After an action-packed UFC Fight Night 33 event from Brisbane, Queensland, Australia, plenty of fighters are still feeling the buzz; however, Pat Barry is likely suffering from the worst post-fight hangover after getting knocked out for the second straight time in round one.


Another weekend of fisticuffs has come and gone as UFC Fight Night 33 blew the roof off the Brisbane Entertainment Centre last Friday night (Dec. 6, 2013) in Brisbane, Queensland, Australia.

Many combatants were left licking their wounds after a wild night of fights, including James Te Huna, who was viciously knocked out by a resurgent Mauricio Rua in round one (highlights here). And Mark Hunt, as well as Antonio Silva, who are likely a bit sore following their epic five-round war that ended up in a majority draw (see the video here).

But, which fighter is suffering from the worst post-fight hangover now two days removed from the show?

Pat Barry.

"HD" headed to "The Land Down Under," reluctantly, in order to erase the memory if his previous first-round knockout at the hands of Shawn Jordan at UFC 161 by attempting to pick up a win over a red-hot Soa Palelei.

Unfortunately for Barry, he'll now be having more nightmares to deal with because "The Hulk" smashed his way to his tenth straight victory by knocking out the heavyweight striker with some vicious strikes from mount.

From the onset, it was obviously Soa wanted the fight to hit the ground attempting two early takedowns, landing one of them. Once the action hit the Octagon floor, "HD" tried a kimura to no avail, which allowed Palelei to obtain top control.

It was all she wrote from there, as the Aussie proceeded to use his size advantage to unleash some fast and furious ground-and-pound action which put Barry to sleep, handing him his second consecutive knockout (KO) loss.

So, what went wrong for Barry?

It's simple: He's a small heavyweight fighting in a land occupied by towering giants that outweigh him night in and night out. Standing at 5 ft., 11 in. and weighing in at 237 pounds, Barry is easily one of the smallest and lightest fighters in the 265-pound division.

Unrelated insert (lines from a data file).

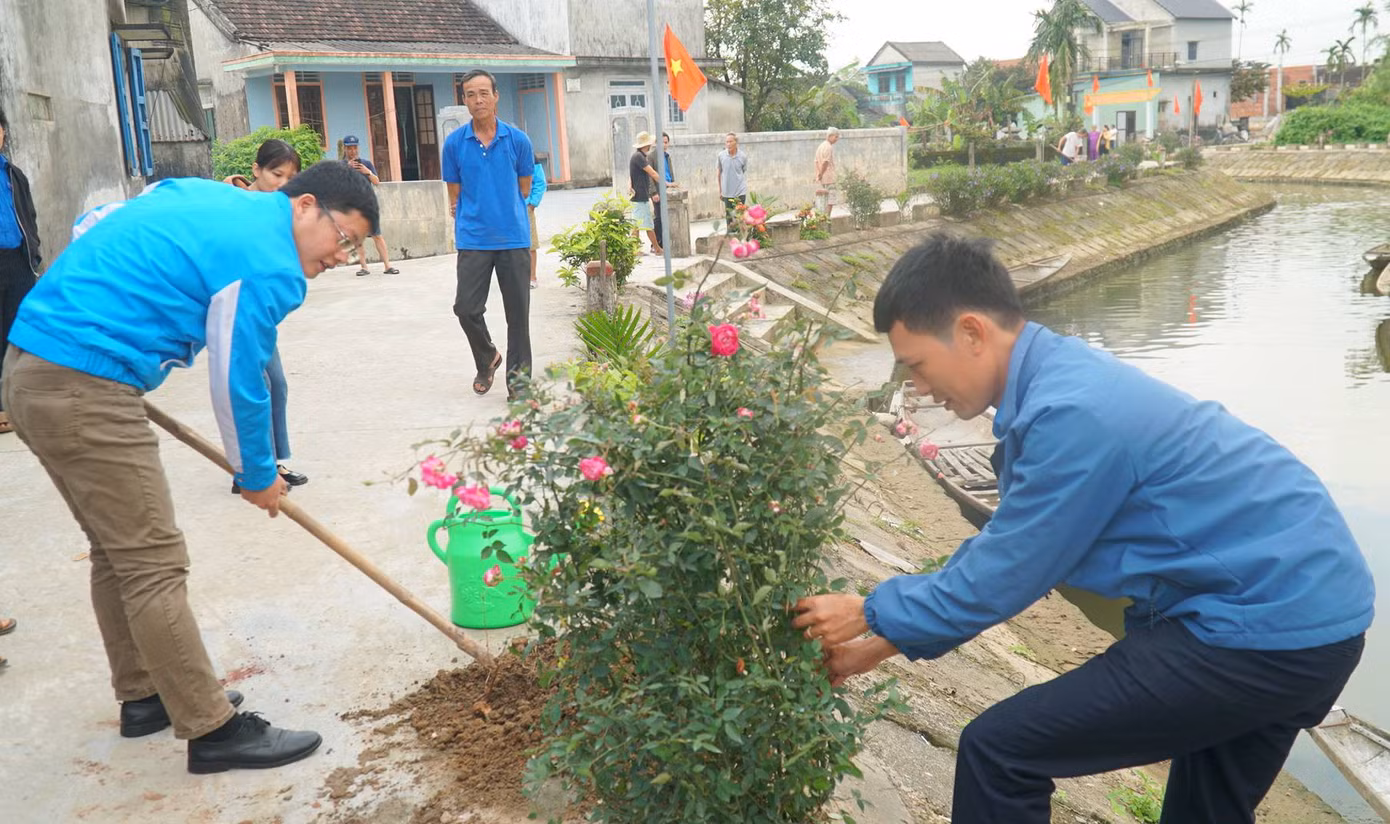 Tạo tuyến đường hoa qua các khu dân cư ở thị xã Phong Điền.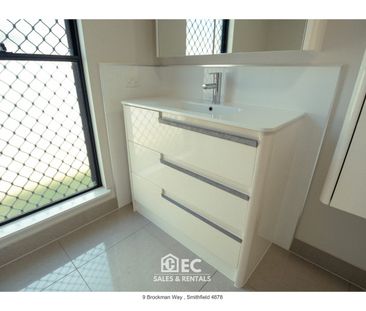 Secure Home Near JCU – Smithfield Location - Photo 6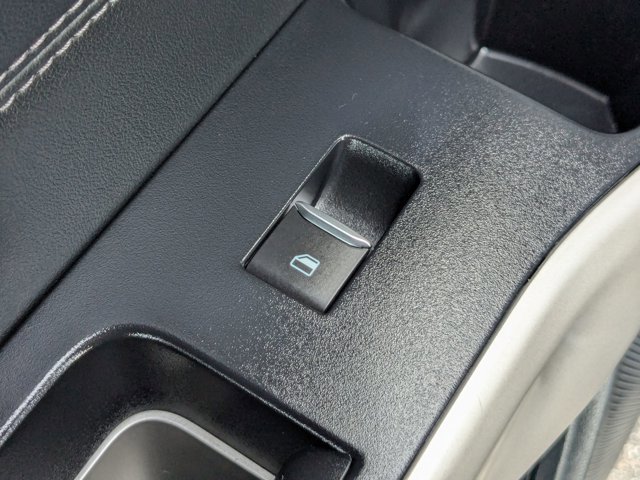 Certified 2023 Ford Explorer Limited w/ Hybrid Equipment Group 310A image 32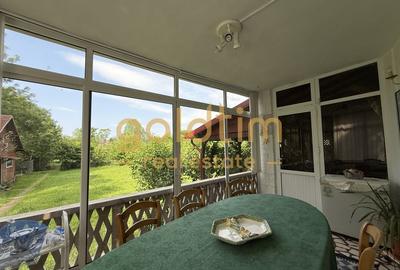 Casă individuală cu 7 camere cu Canalizare în Cornu - 13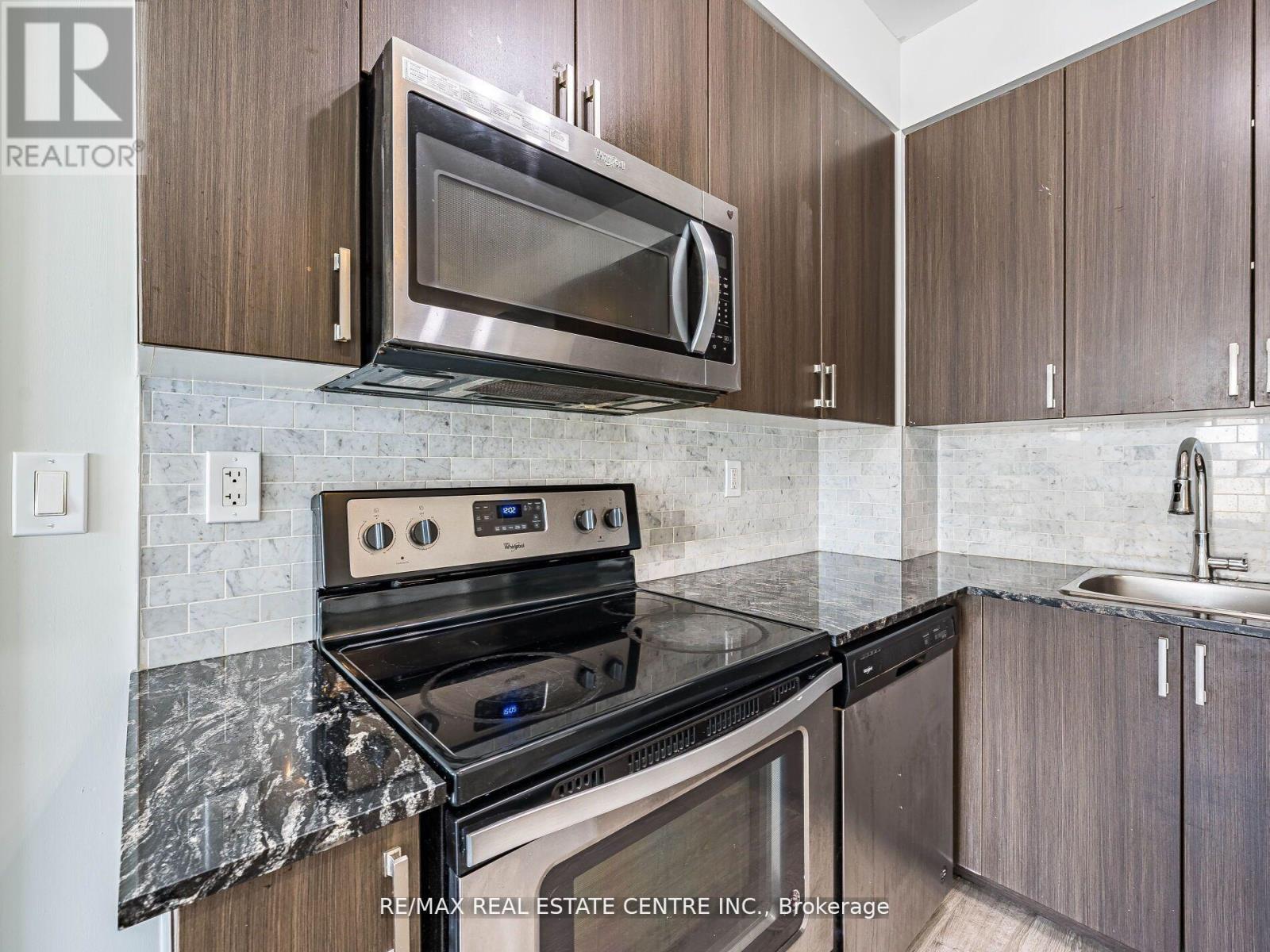 306 - 22 East Haven Drive, Toronto (Birchcliffe-Cliffside), Ontario  M1N 0B4 - Photo 5 - E12476178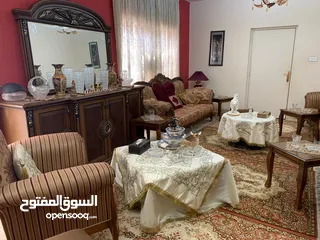  4 بوفيه وميز و8 كراسي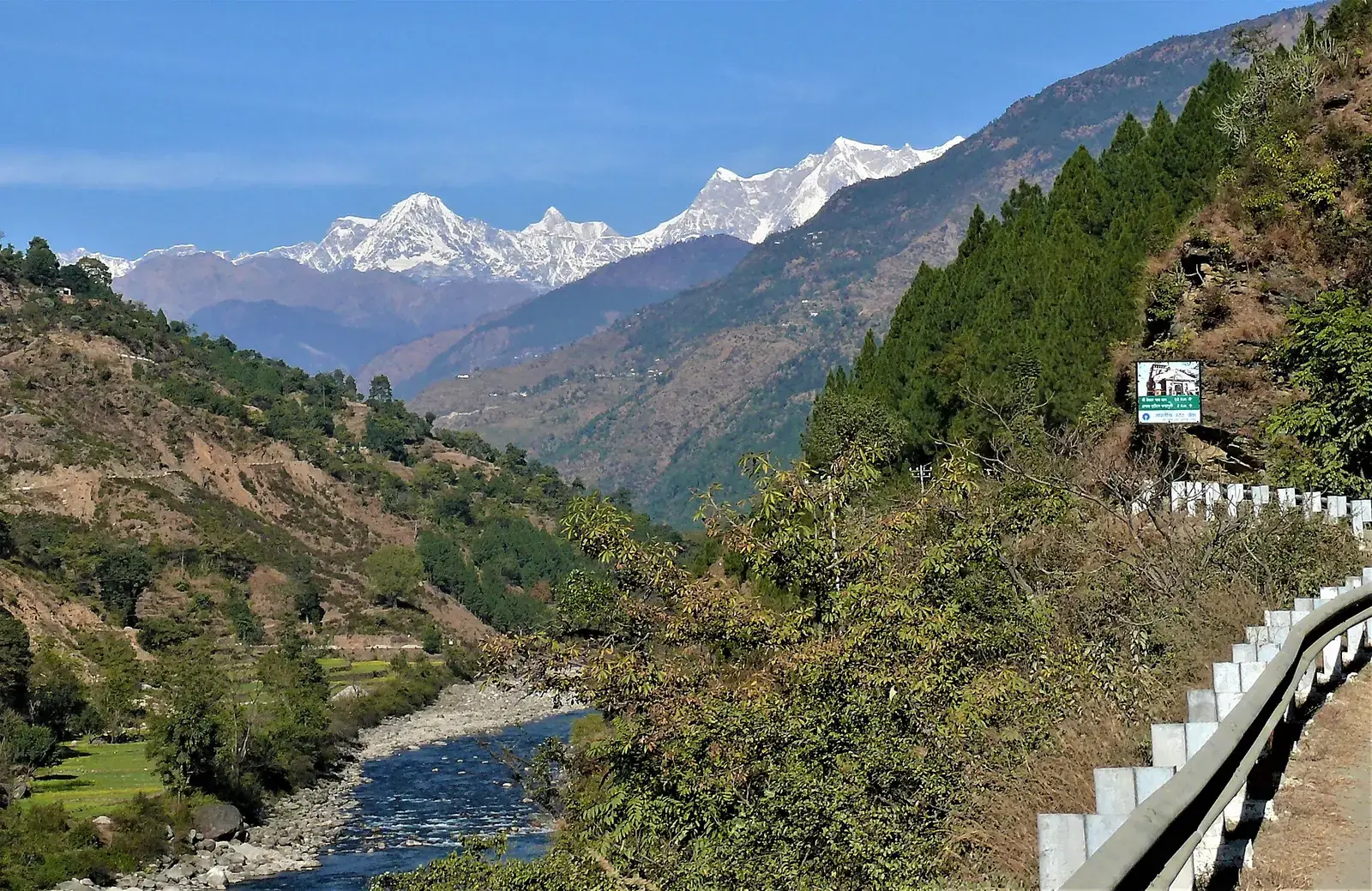 The Garhwal Himalaya above the road from Rudraprayag to Ukhimath, Uttarakhand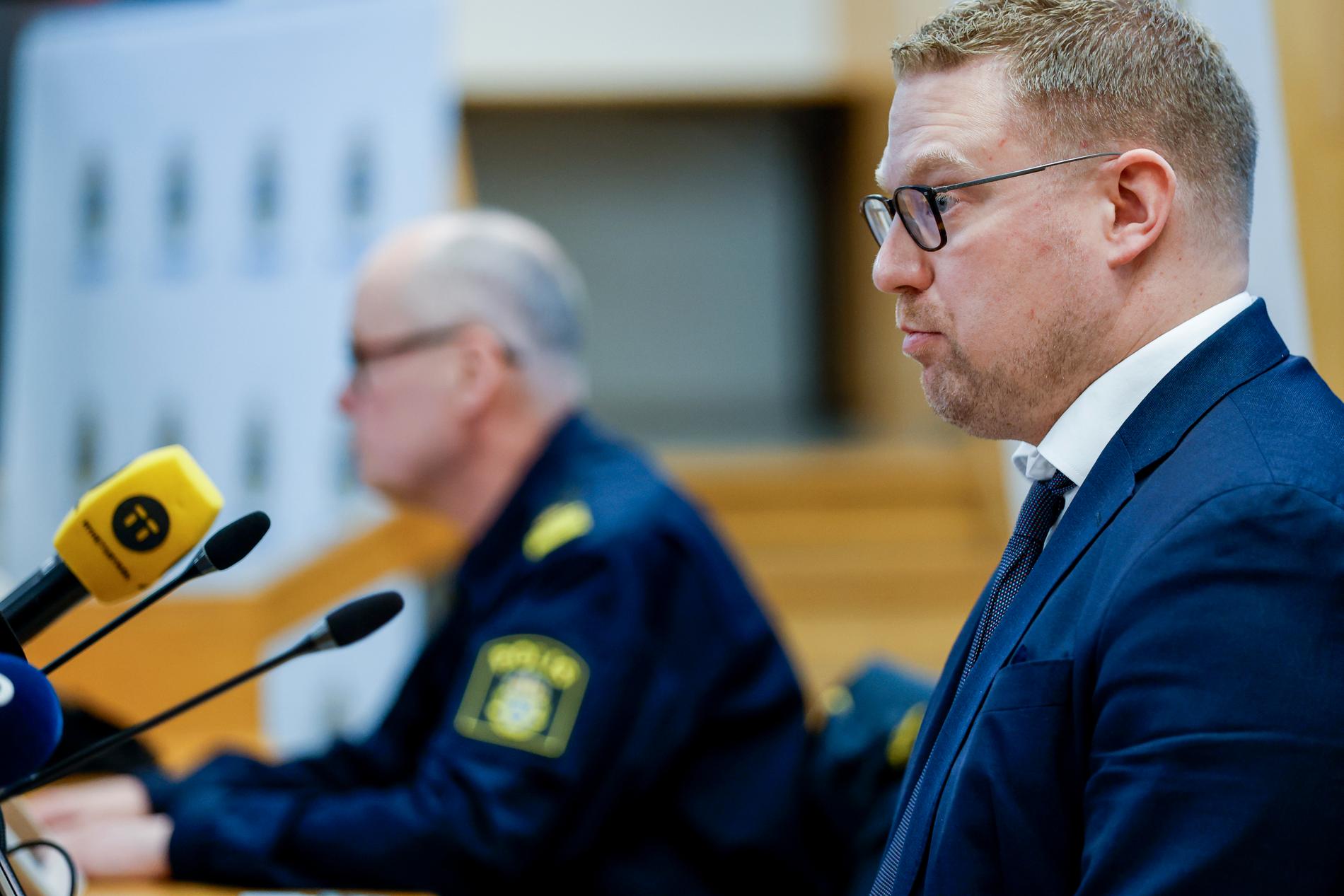 Utredningsledare Ulf Andreasson och chefsåklagare Daniel Veivo Pettersson under pressträffen på skärtorsdagen.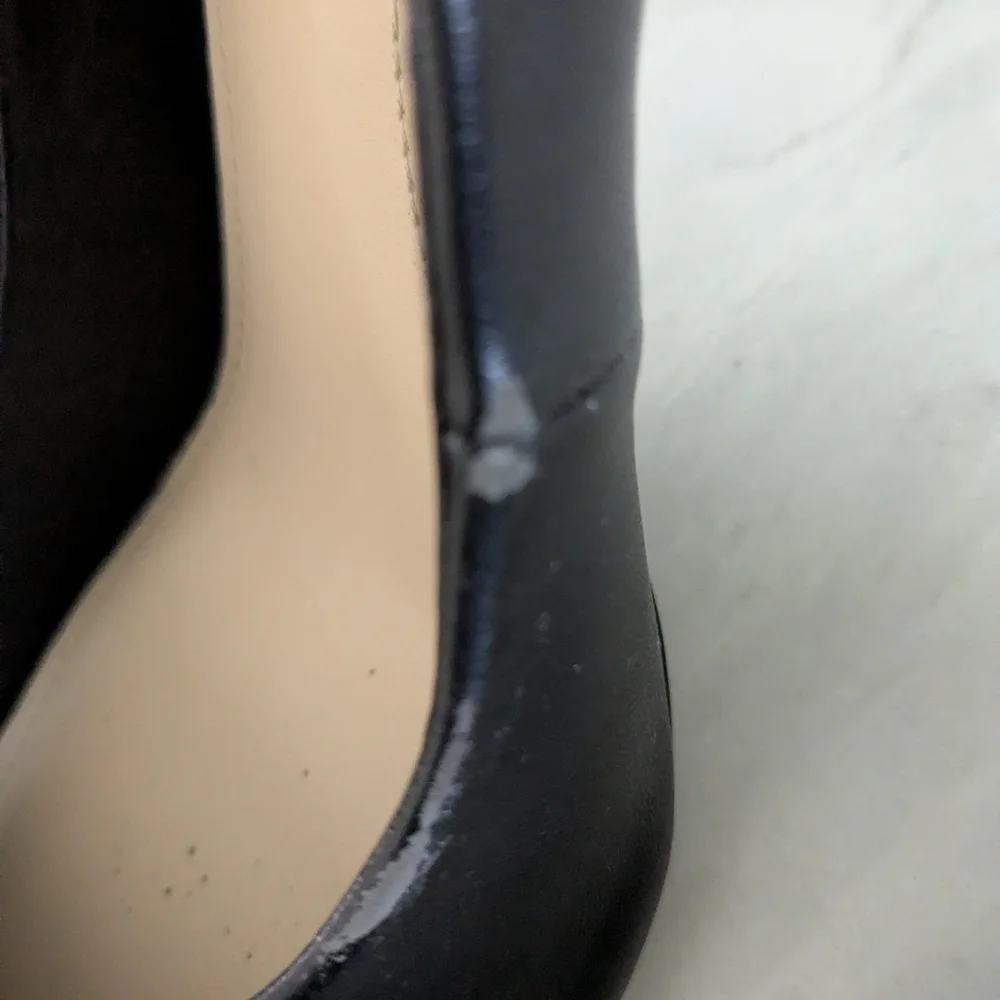 Elegant Black Women's Heels - Picture 10 of 12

Sure, the former kickboxer has enjoyed success in the past, knocking out bigger men while in K-1 and winning five bouts in the weight class since making his debut in 2009, but losing six of his bouts to much bigger men such as Stefan Struve, Lavar Johnson and Cheick Kongo aren't doing him any favors if he wants to continue his career inside the Octagon.

No one can deny the tenacity and striking power that Barry packs in his compact frame, but if he wants to find some success and end his woes inside the cage, a change must be made.

Having said that, Barry needs to take a page out of Daniel Cormier's book and consider a drop to the light heavyweight division, a place where he won't have to worry about being outweighed by 30-plus pounds come fight night.

If anything, he'll likely be one of the hardest punchers in the division if he can cut the weight properly while not losing a lot of his strength.

Furthermore, the behemoths that call the heavyweight division home aren't getting any smaller and I shutter to think what will happen if he finds himself locked inside the cage against monsters such as Alistair Overeem, Antonio Silva and Junior dos Santos.

Is it time for a change, or time to hang 'em up?